サザンオールスターズ、桑田佳祐さんのソロも含めて、桑田さん自身が『やっぱりただの歌詞じゃねえか、こんなもん』などの著書で自虐的に語られていることもあって、あまり注目されてこなかったと思うのですが、音楽の革新性と比較して語られることが少ないながらも、この本ではその歌詞も日本のロック史において、目覚ましい貢献をされてきたことを指摘されています。
今となっては信じられないかもしれないのですが、ワタクシより少し上の世代では、「日本語でロックをすべきなのか!?」という議論がかなり激しく行われていたということで、中には日本のアーティストでありながら全編英語詞というバンドもあったということで、いかにして日本語をロックのリズムに乗せるのか、というのは重要なテーマだった時代があったということです。
そんな中で衝撃的なデビューを果たしたのがサザンオールスターズということで、冷静に歌詞だけ読むと意味不明なモノながらも、どっぷりと洋楽の洗礼に浸かった桑田さんが、いかに洋楽っぽく響くかということを主眼において紡ぎだすコトバは、当時としてはかなり斬新に響いたということです。(当時のワタクシはそんなことを意識することすらありませんでしたが…)

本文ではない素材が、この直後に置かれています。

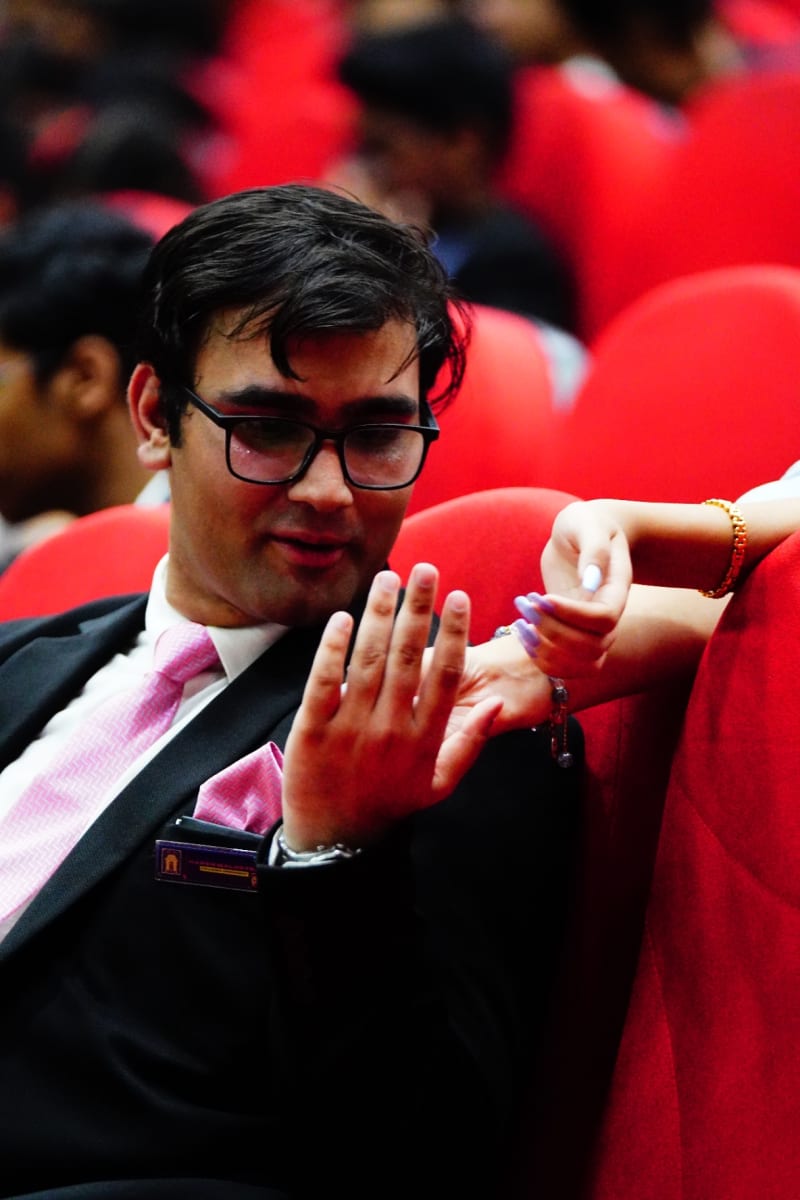 Founder, Mr Harsh Malhotra in formal blazer and pink tie seated in the Delhi MUN 1.0 opening ceremony audience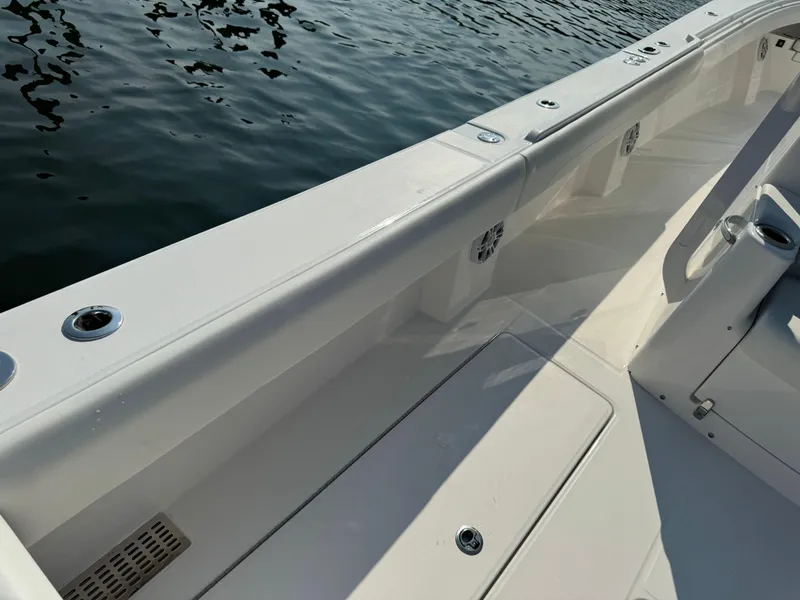 Slide: The Image of 2025 Regulator 37 boat deck with water in the background. - 32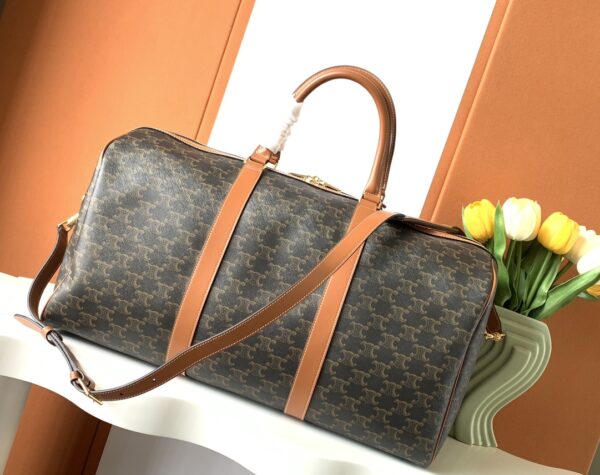 CELINE LARGE TRAVEL BAG IN TRIOMPHE CANVAS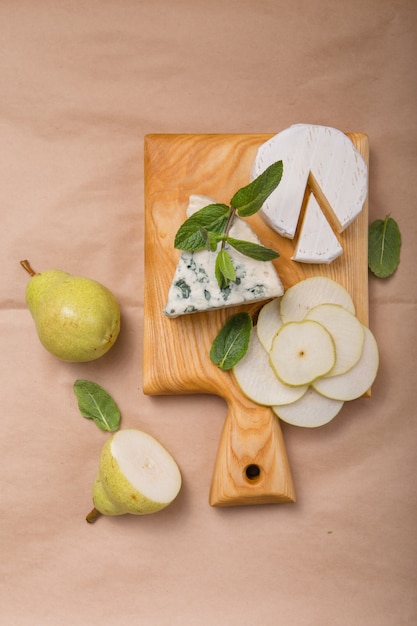 Segmento de queso moho azul - Gorgonzola con pera y nueces sobre papel.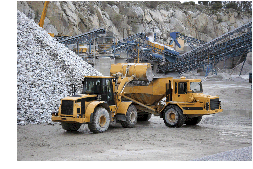 image of mining trucks in a rock mine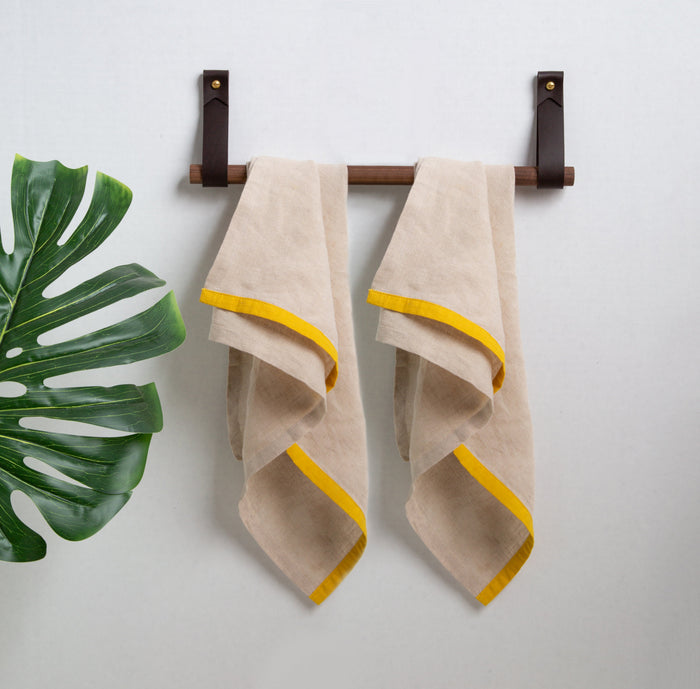 Keyaiira leather strap wall rail with wood dowel holding two neutral towels with yellow trim — minimalist leather towel bar for bathroom styling.
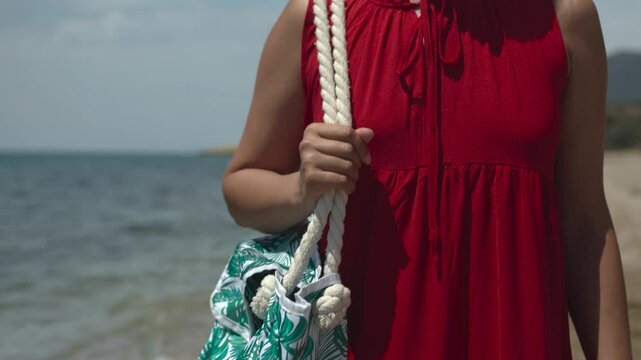 Backwards follow close up shot of young woman wearing a red dress and carrying a beach bag walking along seashore in the summer season  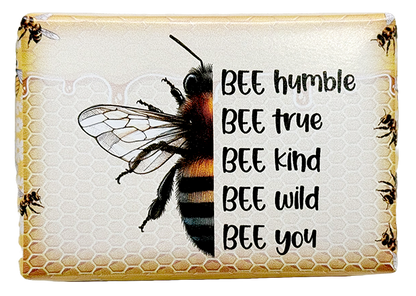 A rectangular decorative plaque or sign featuring a large honeybee illustration over a honeycomb pattern, with the phrase 'BEE humble BEE true BEE kind BEE wild BEE you' printed in black text on the right. The design has a warm beige and yellow background with small bee motifs along the border.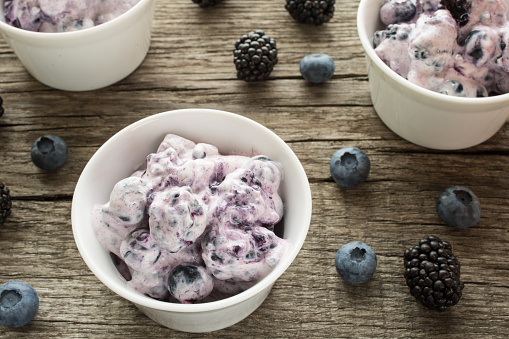 Bowl with curd and fruits of blueberries and blackberries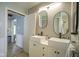 Bright bathroom with double vanity sinks and minimalist mirrors provides ample space and style for daily routines at 307 E 5Th St, Sheridan, IN 46069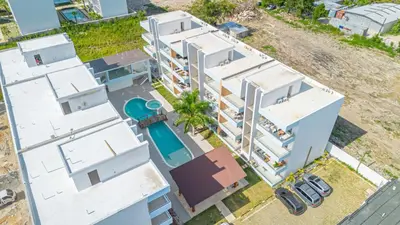 an aerial view of a white apartment building at Modern 1BR Retreat Central Bayahibe Sunshine in San Rafael del Yuma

その後、そういう日本語をロックのサウンドに自然に乗せるという次元から、徐々に進化を遂げ、デビュー当初も、コミック的なナンセンスソングやエロティックな表現、せつないバラードなどそれなりにバラエティに富んだ表現領域を誇っていたのですが、次第に社会の矛盾や、人生観、死生観までも語られるようになったことは、桑田さんが日本のポピュラー音楽の地平を広げることをけん引されてきた軌跡なんだと思うと、同時代を生きて、桑田さんの音楽に触れ、さらにはナマで体験できたことの僥倖をありがたがらずにはおられません。